- [Exercise prompt]: Reproduce the full listing as it stands. Images do not belong in the copy.

** Dataset extract follows **

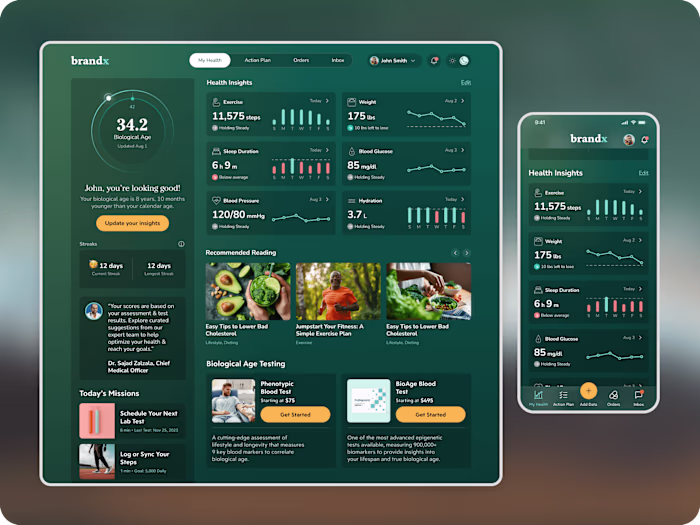Health & Wellness Dashboard Redesign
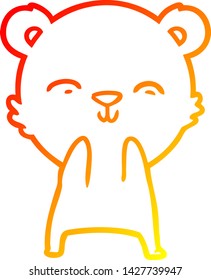 warm gradient line drawing of a happy cartoon polar bear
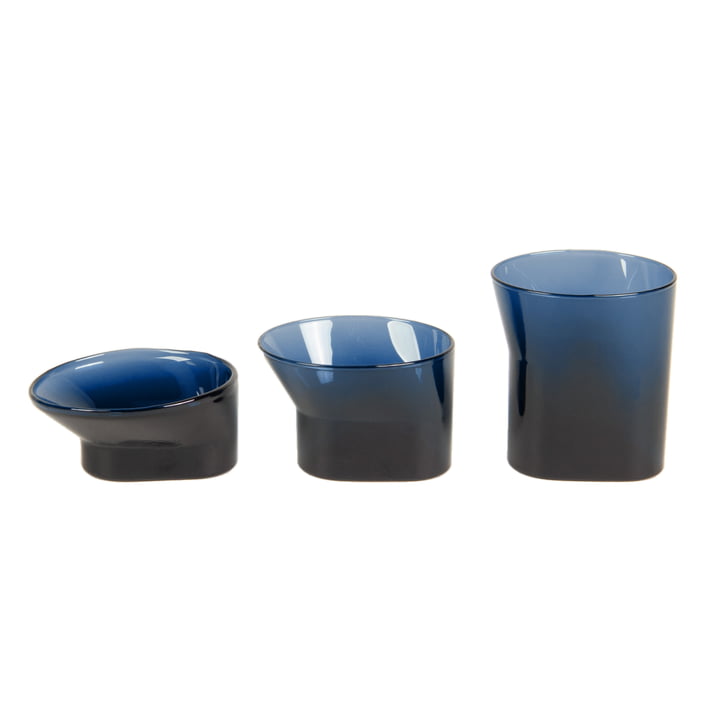 XLBoom - Cala Accessoires de salle de bain, bleu (set de 3)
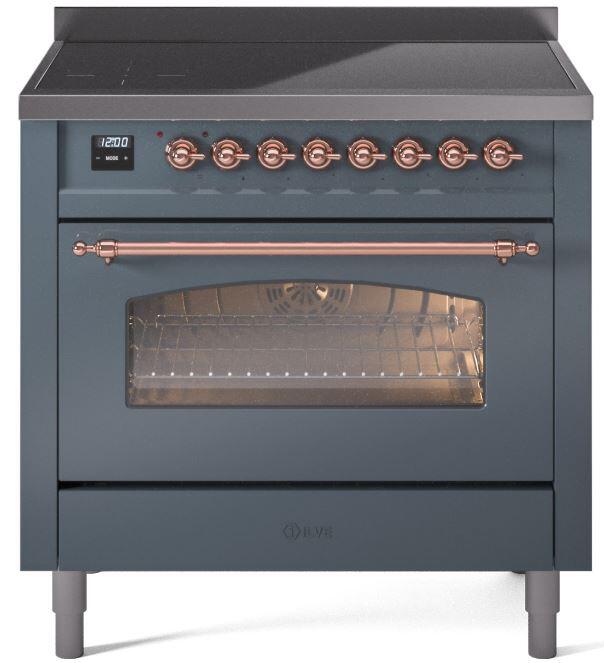 Nostalgie II 36 Inch Electric Freestanding Range in Blue Grey with Copper Trim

** End of Dataset extract **

- [Exercise response]:
Health & Wellness Dashboard Redesign
 warm gradient line drawing of a happy cartoon polar bear
 XLBoom - Cala Accessoires de salle de bain, bleu (set de 3)
 Nostalgie II 36 Inch Electric Freestanding Range in Blue Grey with Copper Trim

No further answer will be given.